The existence of a Mercurian atmosphere was contentious until 1974, although by that time a consensus had formed that Mercury, like the Moon, lacked any substantial atmosphere. This conclusion was confirmed in 1974 when the unmanned Mariner 10 spaceprobe discovered only a tenuous exosphere. Later, in 2008, improved measurements were obtained by the MESSENGER spacecraft, which discovered magnesium in the Mercurian exosphere.

Composition 
The Mercurian exosphere consists of a variety of species originating either from the Solar wind or from the planetary crust. The first constituents discovered were atomic hydrogen (H), helium (He) and atomic oxygen (O), which were observed by the ultraviolet radiation photometer of the Mariner 10 spaceprobe in 1974. The near-surface concentrations of these elements were estimated to vary from 230 cm−3 for hydrogen to 44,000 cm−3 for oxygen, with an  intermediate concentration of helium. In 2008 the MESSENGER probe confirmed the presence of atomic hydrogen, although its concentration appeared higher than the 1974 estimate. Mercury's exospheric hydrogen and helium are believed to come from the Solar wind, while the oxygen is likely to be of crustal origin.

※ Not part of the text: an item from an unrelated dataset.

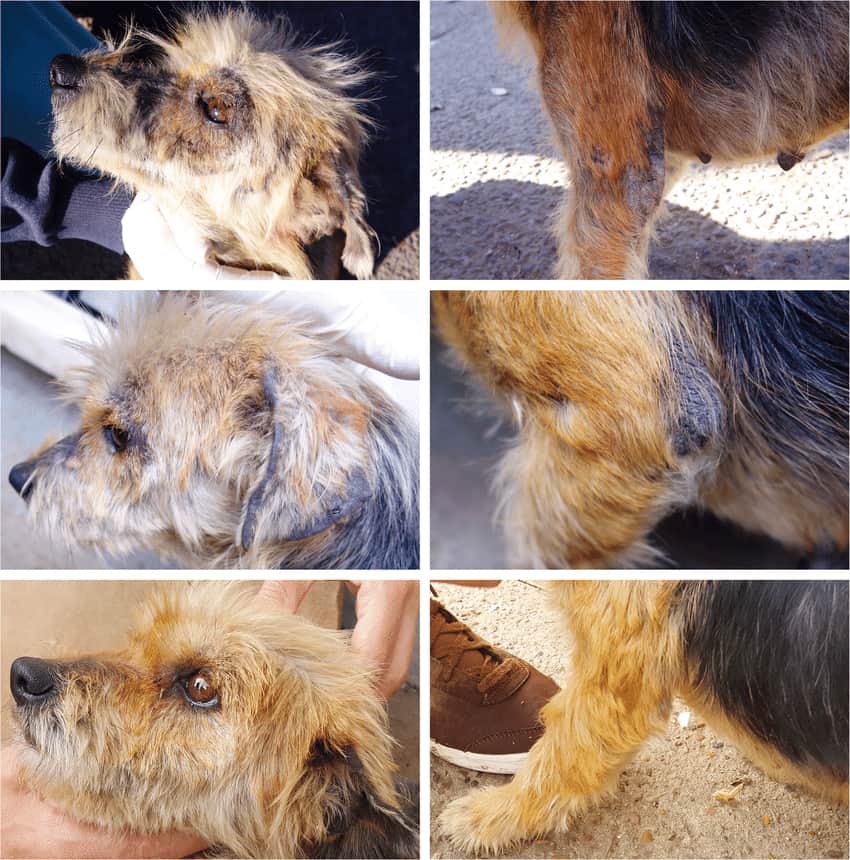 sarcoptic mange in dogs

The fourth species detected in Mercury's exosphere was sodium (Na). It was discovered in 1985 by Drew Potter and Tom Morgan, who observed its Fraunhofer emission lines at 589 and 589.6 nm. The average column density of this element is about 1 cm−2. Sodium is observed to concentrate near the poles, forming bright spots. Its abundance is also enhanced near the dawn terminator as compared to the dusk terminator. Some research has claimed a correlation of the sodium abundance with certain surface features such as Caloris or radio bright spots; however these results remain controversial. A year after the sodium discovery, Potter and Morgan reported that potassium (K) is also present in the exosphere of Mercury, though with a column density two orders of magnitude lower than that of sodium. The properties and spatial distribution of these two elements are otherwise very similar. In 1998 another element, calcium (Ca), was detected with column density three orders of magnitude below that of sodium. Observations by the MESSENGER probe in 2009 showed that calcium is concentrated mainly near the equator—opposite to what is observed for sodium and potassium. Further observations by Messenger reported in 2014 note the atmosphere is supplemented by materials vaporized off the surface by meteors both sporadic and in a meteor shower associated with Comet Encke.

In 2008 the MESSENGER probe's Fast Imaging Plasma Spectrometer (FIPS) discovered several molecular and different ions in the vicinity of Mercury, including H2O+ (ionized water vapor) and H2S+ (ionized hydrogen sulfide). Their abundances relative to sodium are about 0.2 and 0.7, respectively. Other ions such as H3O+ (hydronium), OH (hydroxyl), O2+ and Si+ are present as well.  During its 2009 flyby, the Ultraviolet and Visible Spectrometer (UVVS) channel of the Mercury Atmospheric and Surface Composition Spectrometer (MASCS) on board the MESSENGER spacecraft first revealed the presence of magnesium in the Mercurian exosphere. The near-surface abundance of this newly detected constituent is roughly comparable to that of sodium.

Properties
Mariner 10 ultraviolet observations have established an upper bound on the exospheric surface density at about 105 particles per cubic centimeter. This corresponds to a surface pressure of less than 10−14 bar (1 nPa).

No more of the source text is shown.